Overview
On April 24, 2024, President Biden signed into law H.R. 815, a foreign aid bill that has received much media attention for its authorization of foreign aid appropriations to U.S. allies, including Ukraine, Israel, and Taiwan, and the proposed ban or sale of TikTok. Notably, the bill also includes a change to U.S. sanctions laws that has received much less attention: the statute of limitations for civil and criminal violations under the two primary sanctions laws, the International Emergency Economic Powers Act ("IEEPA") and the Trading with the Enemy Act ("TWEA"), has been doubled from five to ten years. Though it does not appear to apply retroactively based on the text of the bill, the new statute of limitations became effective immediately upon the signing of the bill for violations that were not yet time-barred. It remains to be seen how this change will be implemented with respect to potential civil enforcement, though the U.S. Department of the Treasury's Office of Foreign Assets Control ("OFAC") has indicated that it may provide further guidance on this point.
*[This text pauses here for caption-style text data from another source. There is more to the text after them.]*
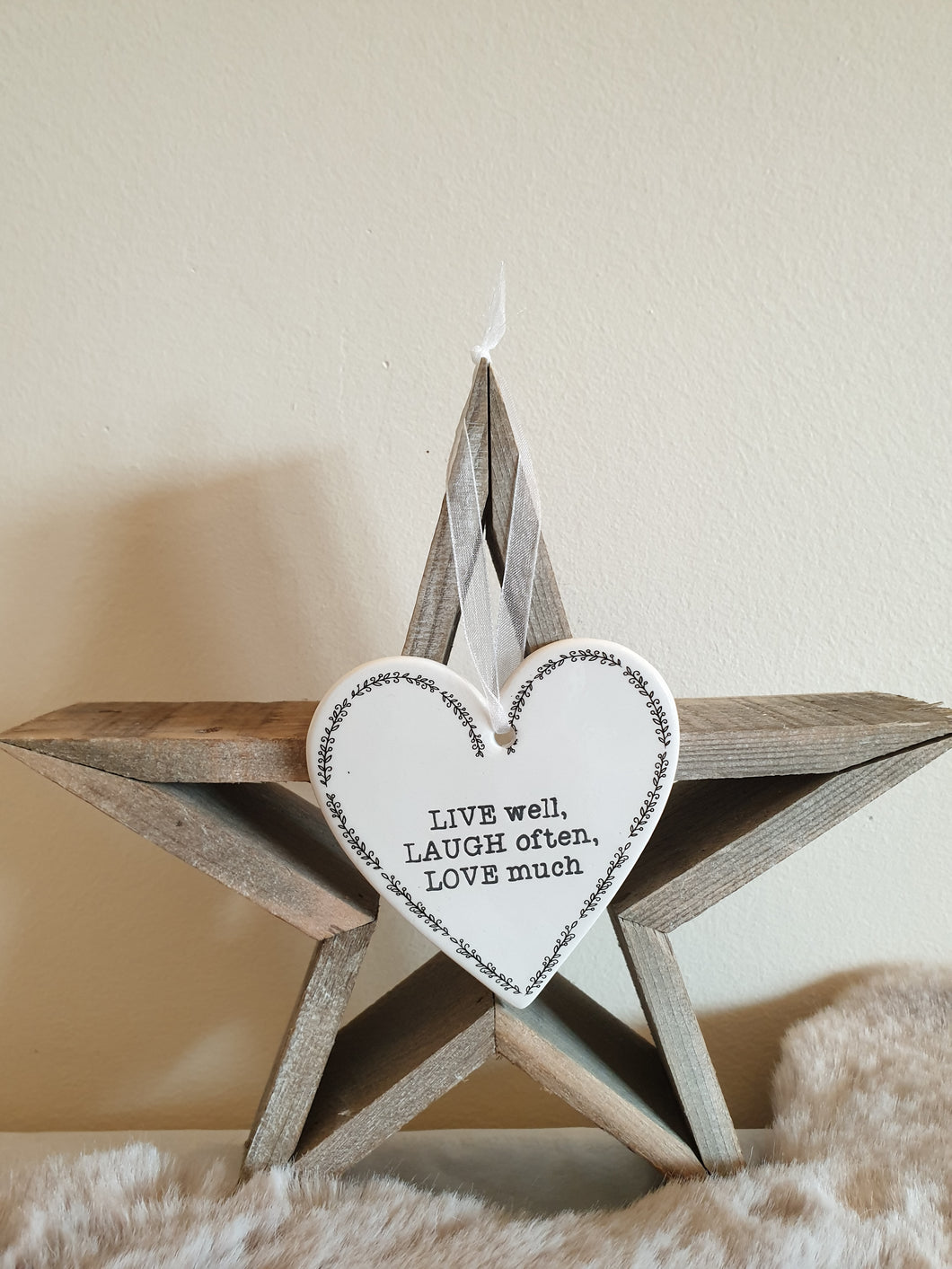 Live well,Laugh often,Love more plaque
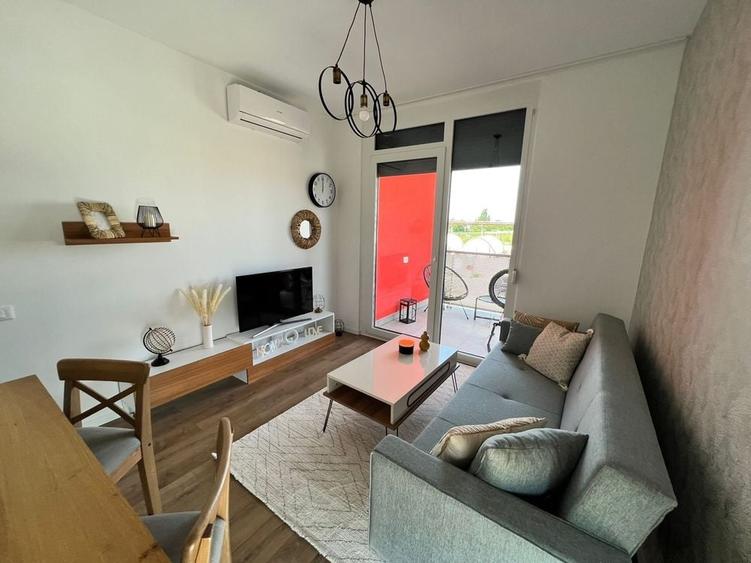 Apartament cu 2 camere decomandat în Central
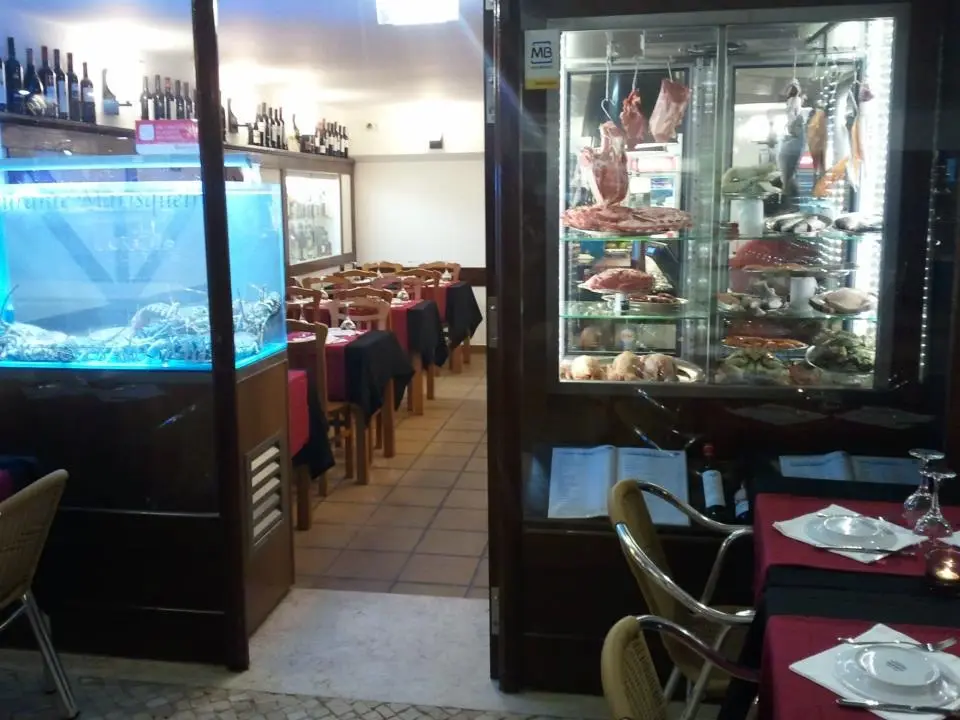 Interior e pratos do Prazeres do Mar em Lisboa, Lisboa (11)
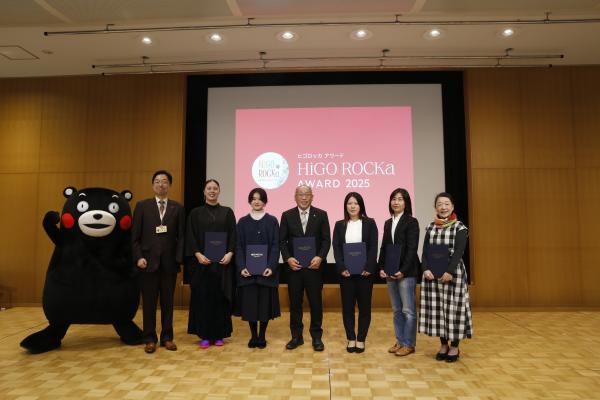 受賞者と知事、くまモンの集合写真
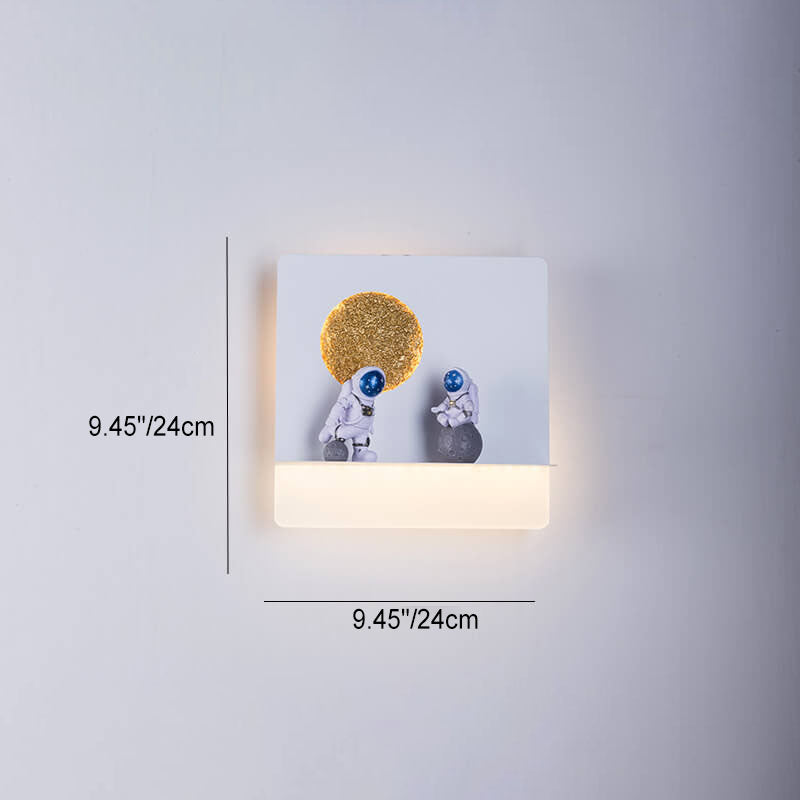 Zeitgenössische kreative Eisenharz runde Astronaut LED Wandleuchte Lampe für Schlafzimmer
The change applies to both civil violations of the IEEPA and TWEA-based economic sanctions programs administered by OFAC and to criminal violations enforced by the U.S. Department of Justice. The new statute of limitations strengthens enforcement efforts by doubling a company's temporal scope of potential liability, leading to increased potential penalties, and providing the government with more time to investigate and determine charges.
Potential Impact and Considerations for Companies
his change will have a variety of implications for companies and may necessitate changes to internal controls and processes. These effects may be compounded by the U.S. government's increasing efforts to expand sanctions enforcement, as we have seen in recent years.
- The new statute of limitations may increase the burden on
companies investigating alleged violations. When companies learn of
possible sanctions violations, they typically conduct a five-year
lookback to assess liability, in line with the previous statute of
limitations. Now, companies would be well-advised to conduct a
ten-year lookback, potentially increasing an investigation's
scope and cost.
- The new measure will also impact the M&A due diligence
process, as deal parties, banks, and lenders will want to evaluate
a company's sanctions compliance over a longer lookback period.
Additionally, companies engaging in M&A activities and other
transactions will want to ensure that the representations and
warranties regarding potential sanctions violations and related
matters made by their counterparties in transaction agreements now
have a ten-year time period.
- Companies should ensure they have adequate policies and
procedures in place so relevant documents are retained for the
appropriate period of time. In light of the statute of limitations
changes, OFAC may increase its current five-year record keeping
requirements to ten years.
- In some investigations, companies enter into tolling agreements with enforcement authorities, which suspend the statute of limitations pending the resolution of the matter. Due to its longer time horizon, the new statute of limitations may reduce the need for these agreements, which in turn may reduce to some extent the leverage companies have at the outset of an investigation by eliminating or minimizing the importance of an agreement that previously would have been crucial for OFAC to secure.